### Problem statement
Locate the line that contains "aphene 90 down" in the entries below, then repeat it and every following line through the line that contains "Braided Runner Rug", exactly, and no others.
=== Data for the task ===
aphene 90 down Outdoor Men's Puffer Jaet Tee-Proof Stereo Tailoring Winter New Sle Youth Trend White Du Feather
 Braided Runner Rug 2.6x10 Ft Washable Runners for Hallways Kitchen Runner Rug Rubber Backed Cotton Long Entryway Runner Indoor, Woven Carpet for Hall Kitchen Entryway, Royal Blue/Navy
===
=== Data for the task ===
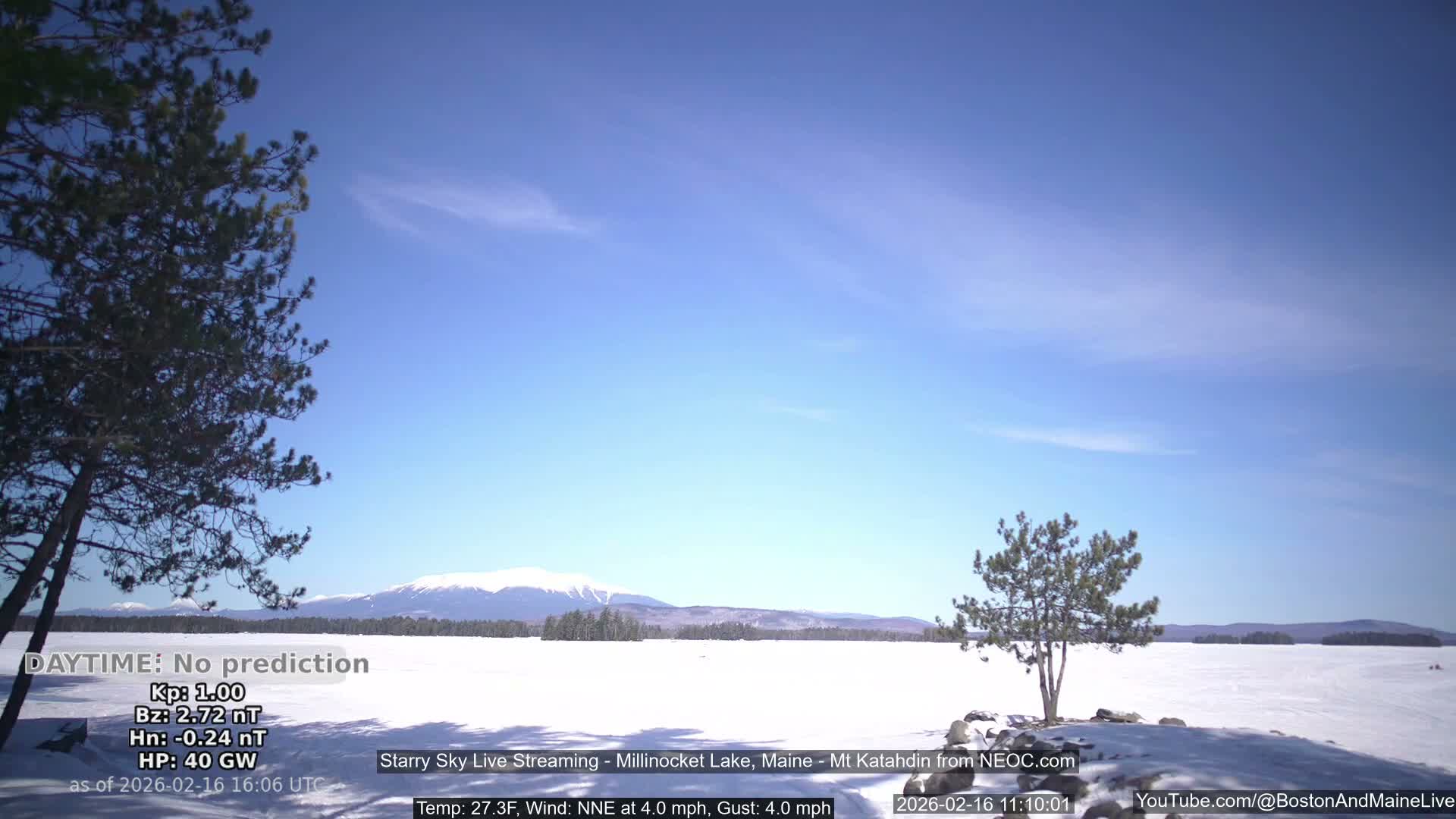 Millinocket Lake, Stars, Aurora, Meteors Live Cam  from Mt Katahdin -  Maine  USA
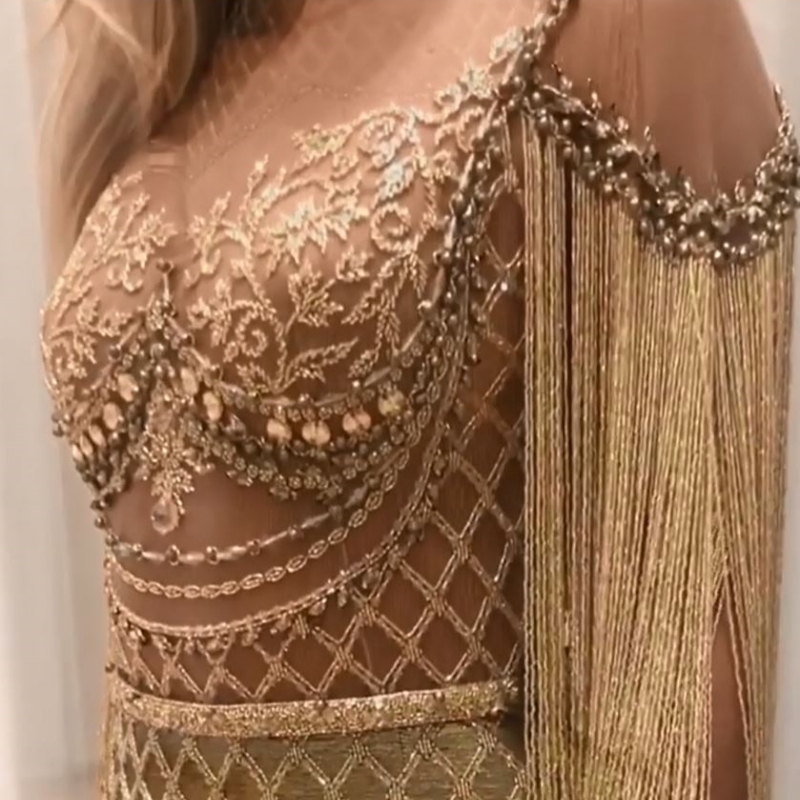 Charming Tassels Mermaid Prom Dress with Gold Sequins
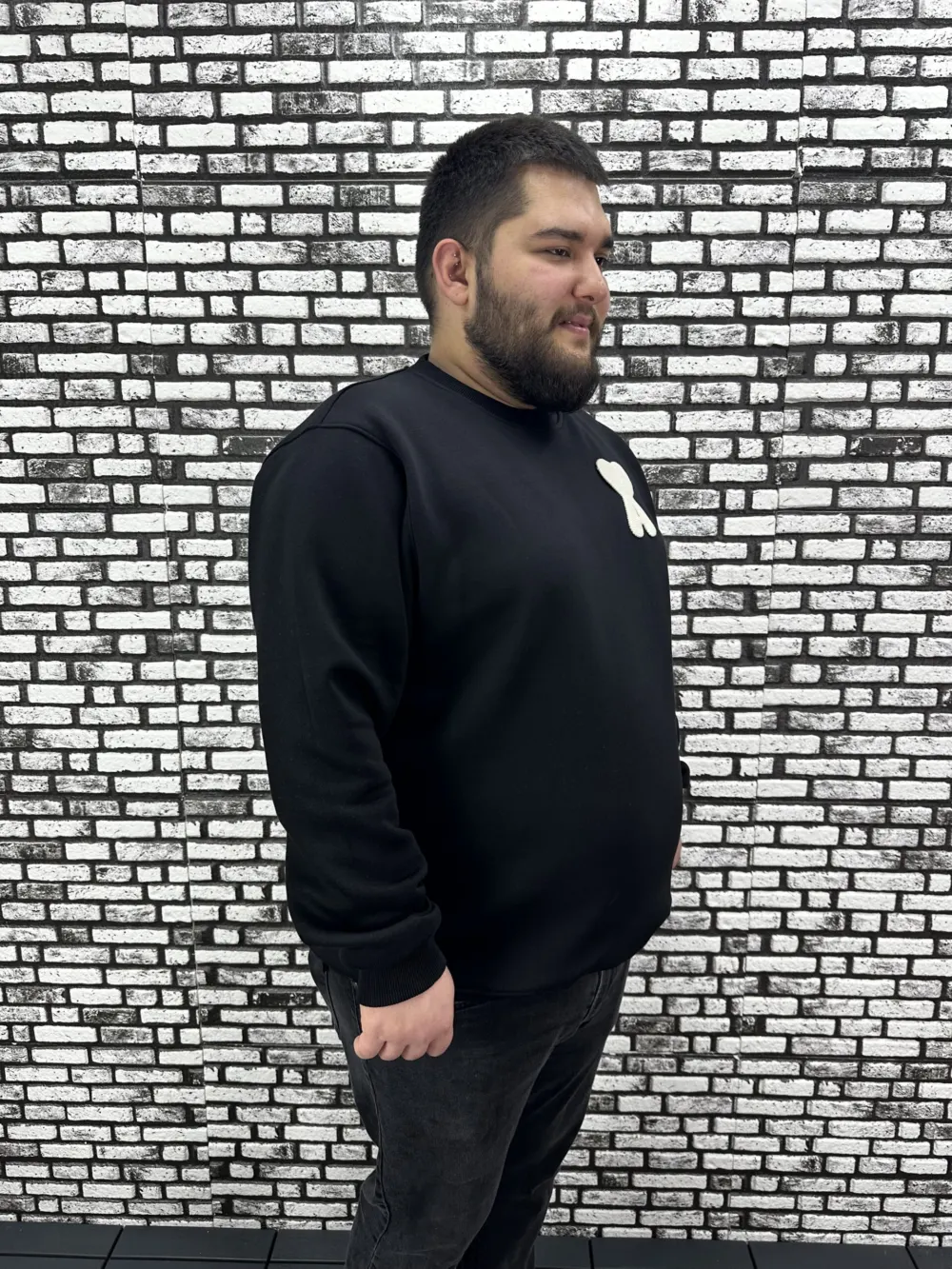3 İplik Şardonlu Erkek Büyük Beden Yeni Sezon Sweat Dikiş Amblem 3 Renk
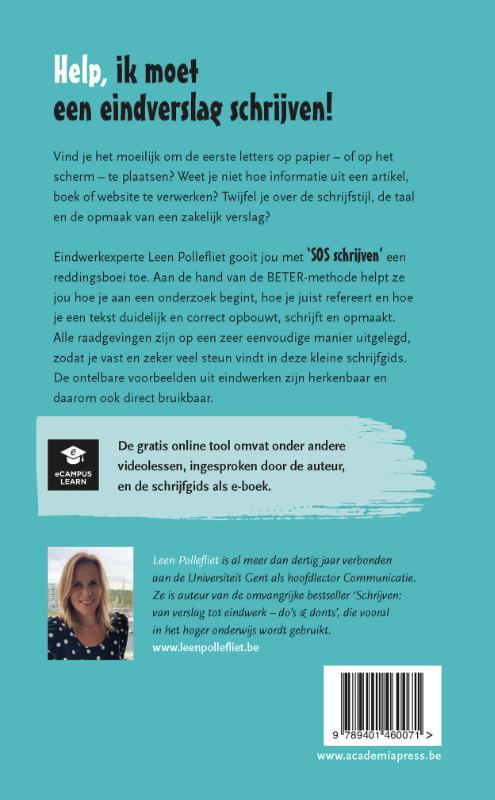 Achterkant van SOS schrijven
===
### Your solution
aphene 90 down Outdoor Men's Puffer Jaet Tee-Proof Stereo Tailoring Winter New Sle Youth Trend White Du Feather
 Braided Runner Rug 2.6x10 Ft Washable Runners for Hallways Kitchen Runner Rug Rubber Backed Cotton Long Entryway Runner Indoor, Woven Carpet for Hall Kitchen Entryway, Royal Blue/Navy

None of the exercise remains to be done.